Simply observing another person can activate our sense of touch.
It’s a universal human experience: when your friend cuts their finger while cooking, you reflexively wince, grimace, and perhaps even feel a sensation of pain yourself.
That sudden feeling of empathy isn’t just sympathy. Your brain is actually feeling what it sees.
On November 26, an international team of researchers published a new study revealing the mechanism behind this phenomenon. Neuroscientists have discovered how the brain turns what we see into what we feel, shaping our physical experience of the world.
The study was led by the University of Reading and the Netherlands Institute for Neuroscience & Vrije Universiteit Amsterdam.
Eight maps, one shared language
To unlock this mystery, the researchers took an unusual approach. Rather than studying reactions to basic cues, they immersed participants in the world of Hollywood movie narratives.
Participants were placed in fMRI scanners and shown clips from blockbusters like The Social Network and Inception. This allowed the team to pinpoint the underlying brain structures that enable us to “experience” what we observe.
The physical sensation (such as wincing) is caused by the activation of your brain’s somatosensory cortex.
This cortex contains “maps” — organized regions where the entire body (from head to toe) is represented. These maps help the brain pinpoint the origin of a sensation.
The most surprising discovery? “We found not one, or two, but eight remarkably similar maps in the visual cortex! Finding so many shows how strongly the visual brain speaks the language of touch,” said Tomas Knapen, the study author.
These visual maps are identical to the body’s layout in the touch center.
This suggests that when we see another person, our brain organizes that visual information in precisely the same bodily way it would if we were feeling that sensation ourselves. The visual brain, it seems, speaks the very language of touch.
Use in autism, AI tech
The multiple body maps serve specialized functions; for example, some maps identify body parts, while others determine their spatial locations.
These maps allow the brain to extract specific, relevant information (such as focusing on a hand for an action or a posture for an emotional state) from a visual scene.
The discovery of these visual-tactile body maps is important for future research and technology.
It could help in investigating emotional processing and could lead to better treatments for conditions like autism, where individuals often struggle with this type of processing.

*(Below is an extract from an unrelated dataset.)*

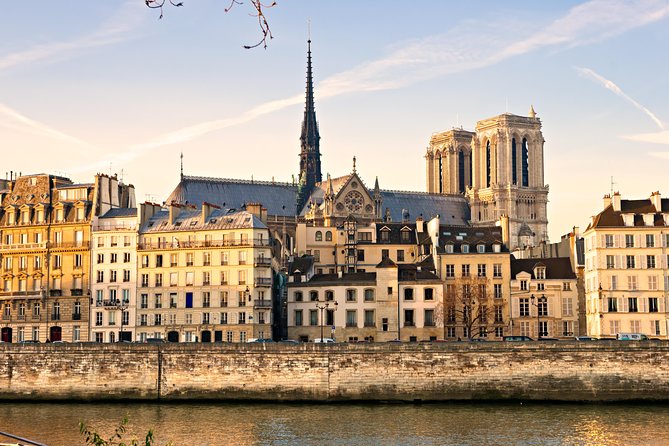 Louvre Evening Escape - Avoid The Crowds! Exclusive Guided Tour - Who should book this Louvre evening tour?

Moreover, the ability to activate broad bodily processes using these maps could advance the development of Brain-Computer Interfaces (BCIs).

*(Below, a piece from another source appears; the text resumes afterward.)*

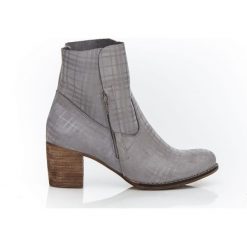 Botki na słupku z wywijaną cholewką - skóra naturalna - model 454 - kolor szara kratka. Szare botki damskie Zapato, na wiosnę, ze skóry, eleganckie, za kostkę, na wysokim obcasie, na obcasie, na zamek. Za 399,00 zł.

“Training sets for brain implants often start with instructions like ‘try to think of a movement’. If these bodily processes can be activated in much broader ways, then there might be much broader possibilities to train and develop those brain-computer interfaces,” the researchers noted.
Knapen believes his findings will greatly advance AI development by providing the “bodily dimension” currently missing from systems that rely solely on text and video.
“This aspect of human experience is a fantastic area for AI development. Our work shows the potential for very large, precision brain imaging datasets to fuel this development: a beautiful synergy between neuroscience and AI,” he stated.
The study was published in the journal Nature.